During a controlled experiment held in the United States recently, two individuals reportedly hacked into a Chrysler Jeep Cherokee and controlled its features - including the music player, the windshield wipers and the digital navigation system. The vehicle was eventually forced to stop in the middle of a busy highway. The hackers subsequently shared their findings with the manufacturer, who then created an update to fix the loophole for customers. The hackers have reportedly conducted similar experiments earlier, including on a Ford Escape and a Toyata Prius in 2013. The difference then was that the computer was wired into the dashboard of the vehicle, but during the latest test the technology could be controlled wirelessly, with the operators based 16km (10mi) away. 

Update: On Friday, July 24th, 2015 Chrysler announced a recall that includes 1.4 million vehicles. The vehicle owners will receive a USB drive that will update the software through the car’s dashboard port. The fix will include network-level security measures to ensure security on the Sprint network - which is the cellular carrier for the vehicles in question. 

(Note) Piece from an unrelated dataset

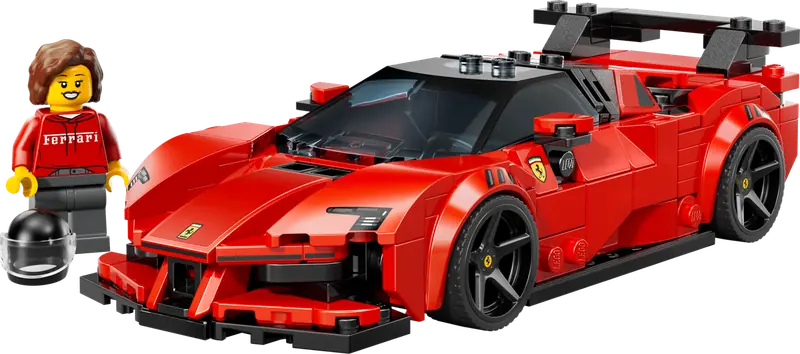 LEGO 77254 Samochód sportowy Ferrari SF90 XX Stradale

Analyst Comment: While the hack was conducted in a controlled environment, the experiment highlights concerns automobile manufacturers will need to address when integrating their products with the internet. Companies, including insurance firms, will need to factor these concerns into their overall assessment of the risk and manufacturing costs of the product. It is estimated that 150 million passenger vehicles could be connected to the internet by 2020. In addition to safety features, such a hack raises privacy concerns concerning the tracking of drivers. A lack of effective oversight by car manufacturers could make them culpable concerning the violation of privacy laws, which are being increasingly enacted worldwide.